Reportagens do JOA/Gabriella Lima e Vitória Amá

Fonte: Wikiversidade

Quando até a memória é esquecida

Entre folhagens de árvores malcuidadas e paredes marcadas por inscrições em grafite, se localiza um personagem histórico. É um local escuro, ainda que esteja sob a luz do dia. Talvez a escuridão seja um reflexo, não de uma fonte cristalina como a de uma bica, mas de uma memória esquecida. O odor de urina que exala do local não é convidativo, porém esta característica não impede que as pessoas transitem por seu conjunto de escadas, mentes ocupadas com assuntos outros que não sejam o mau cheiro do local ou os evidentes buracos afundados na rua. As paredes de azulejo adornam redomas cimentadas que servem atualmente como bancos, seus desenhos em azul escuro já não podendo ser vistos com tanta clareza, ignorados por trás de camadas de tinta e sujeira. O espaço que serviria como piscina de um chafariz sequer contém água, sua única inundação vaza apenas mais camadas espessas de sujeira e esquecimento.

O termo obelisco para os antigos egípcios representava “proteção” e “defesa”, entretanto, a mesma simbologia não se aplica ao Obelisco da Memória, mais conhecido por Obelisco do Piques, localizado no Largo da Memória, Centro de São Paulo. O monumento mais antigo de São Paulo não consegue oferecer proteção a si mesmo – engolido pela cidade e o urbano, a impressão que a pedra de granito deixa não é marcante, pelo contrário, passa despercebida aos olhos de quem transita por seus arredores.

Apesar de ser o monumento mais antigo da cidade de São Paulo, o Obelisco do Piques tem de esquecido tanto quanto tem de solitário. Foi construído em 1814 pelo mestre Vicentinho, em conjunto com um chafariz, acompanhante este que, alguns anos depois, em 1872, o deixou sozinho no largo entre as ladeiras da Palha e do Piques. Sem o chafariz, o Largo da Memória seria, ironicamente, esquecido.

A placa à frente do obelisco, onde se lê em letras apagadas “em memória da realização de obras públicas”, só foi honrada no começo século seguinte com uma reforma que traria de volta um chafariz e acrescentariam os azulejos azuis e uma escadaria de pedra. Mas foi uma questão de tempo para que o monumento caísse em esquecimento novamente. Em homenagem aos seus duzentos anos de história, o monumento e seu entorno foram restaurados; coisa que não se percebe em momento algum andando por ali. 

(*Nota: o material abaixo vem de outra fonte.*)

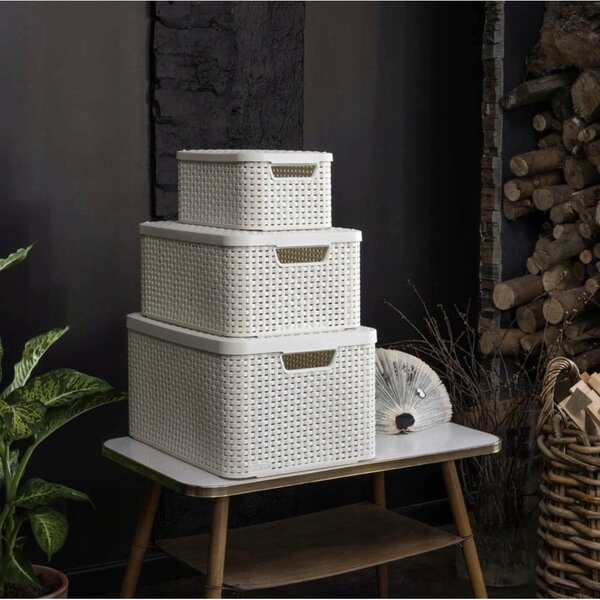 Krem plastična kutija za pohranu s poklopcem 33x44,5x25 cm Style – Curver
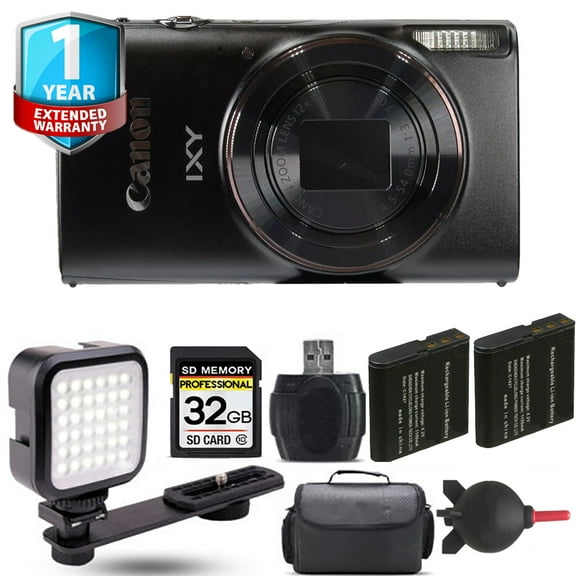 Canon PowerShot IXY 650 Digital Camera (Black) + Extra Battery + LED +1 Yr Warranty (International Version)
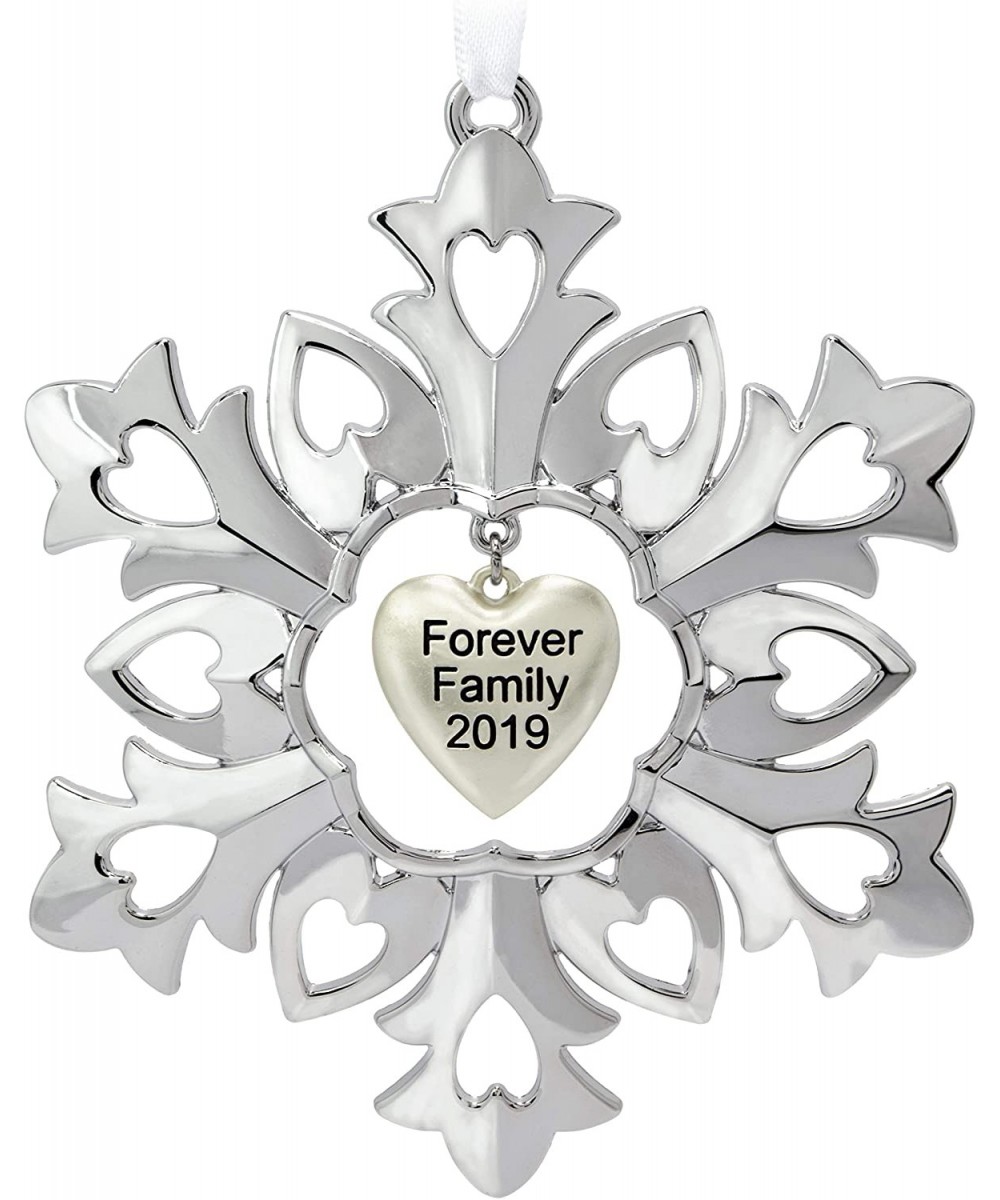 Christmas 2019 Year Dated Forever Family Snowflake Ornament- Metal - C618OEGNZ55 $10.55 Ornaments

Jair, de 61 anos, mora próximo ao Largo há três anos. Quando perguntado sobre o Obelisco, ele ressalta que não costuma reparar no monumento, também afirmando que não chegou a ver a reforma de 2014. Para ele, o Obelisco é um patrimônio que deveria ser preservado, mas o descuido com o local não proporciona tal efeito de importância. Ele pergunta: “Limpar pra que?”. Os fluxos de moradores em situação de rua bem como as constantes pichações são, para Jair, os principais problemas que impedem que a obra seja plenamente apreciada, e acima de tudo, vista.

Mas parte dos problemas que seu Jair vê na região desaparece quando um carro da prefeitura com três funcionários dentro aparece descendo a ladeira. Os moradores de rua que antes dormiam nos degraus da escada de pedra ou nos bancos ao redor do chafariz não são mais vistos enquanto os funcionários da prefeitura rondam o local, examinando cada bloco de pedra ao redor do monumento. “Aqui é limpo diariamente, a prefeitura limpa”, diz um dos funcionários. Apesar de afirmar que as reclamações sobre o Largo da Memória são recorrentes, ele continua a afirmar que o lugar é limpo. Seu Jair parece discordar. Quem passa por ali, com a mão cobrindo o nariz, também. O Largo da Memória e o próprio Obelisco parecem ter sido esquecidos de vez; e, dessa vez, por todos ao seu redor.